## Task brief
Return all of the data below verbatim and exclude every picture.

## Supplied data
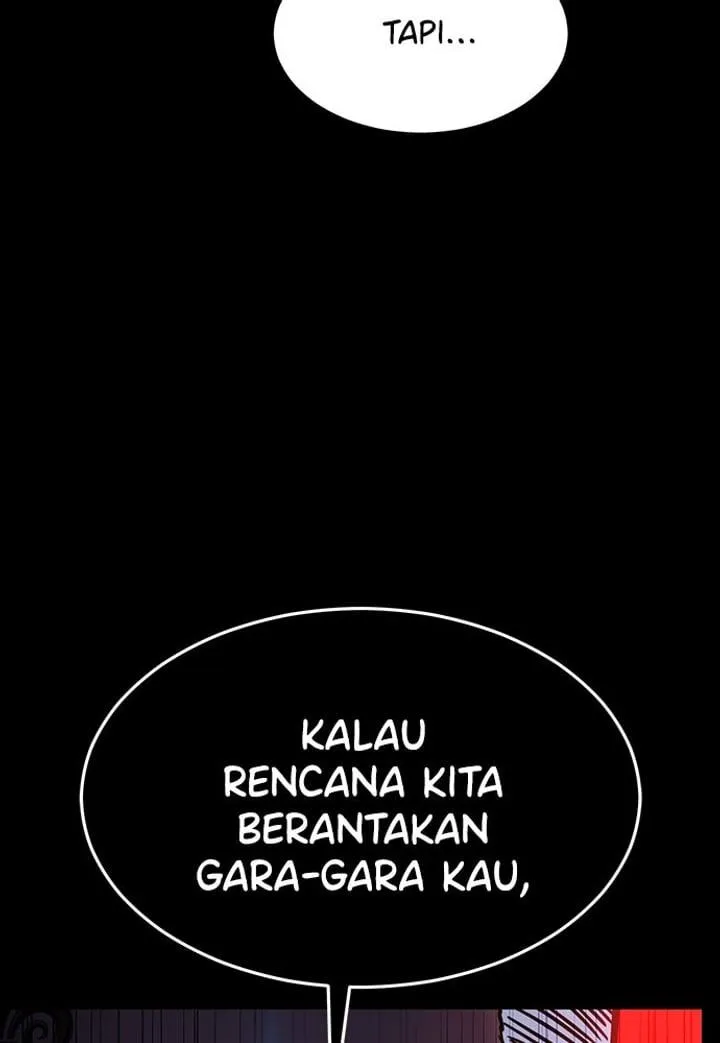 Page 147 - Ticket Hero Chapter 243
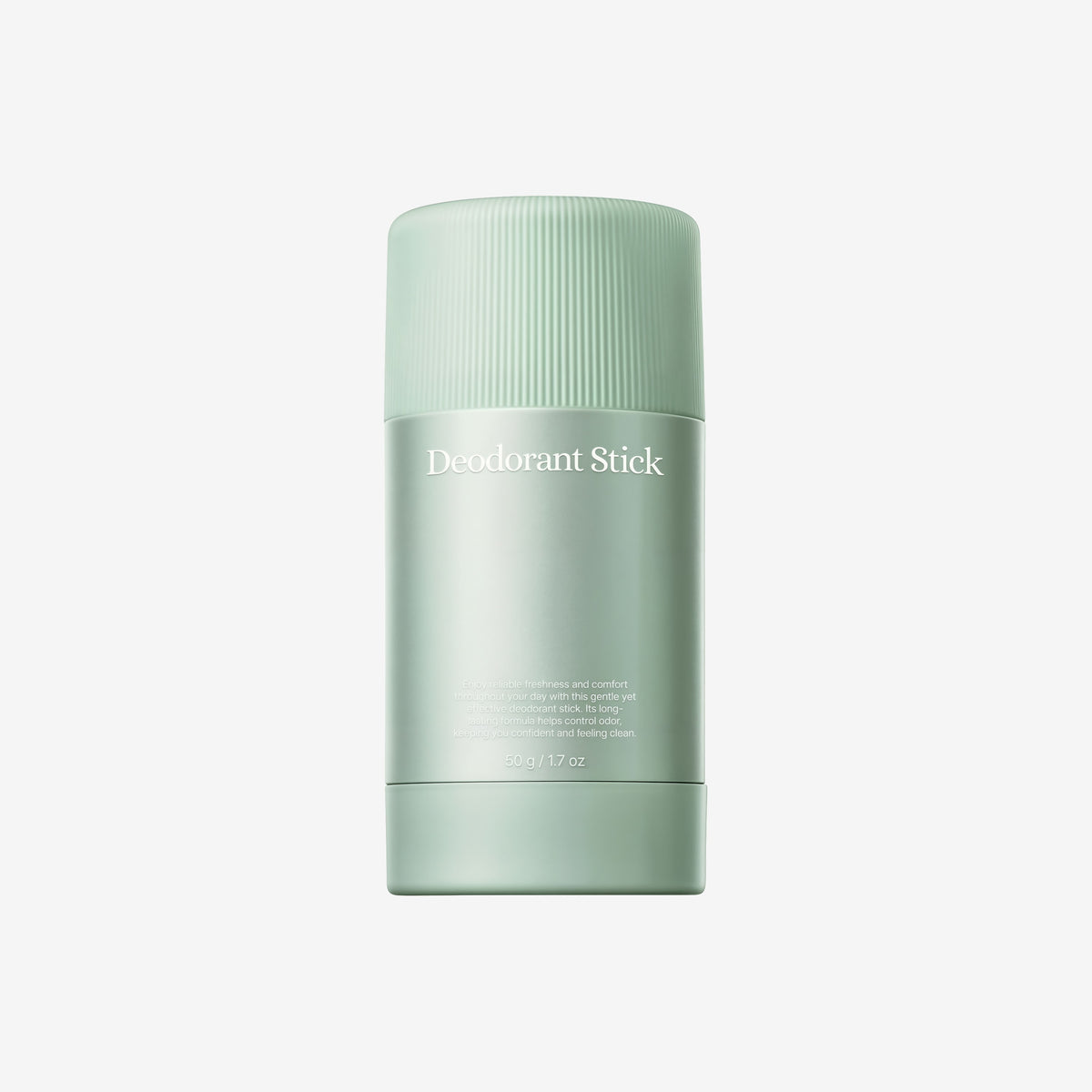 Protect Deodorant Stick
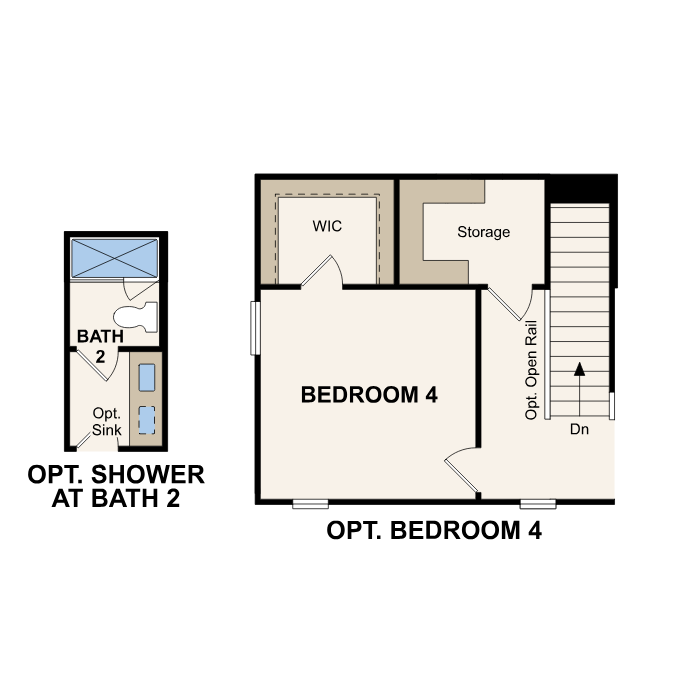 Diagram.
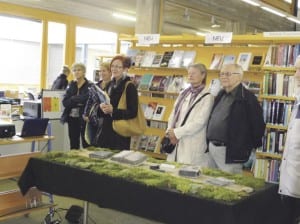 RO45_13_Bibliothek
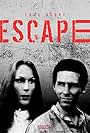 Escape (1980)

## Answer
 Page 147 - Ticket Hero Chapter 243
 Protect Deodorant Stick
 Diagram.
 RO45_13_Bibliothek
 Escape (1980)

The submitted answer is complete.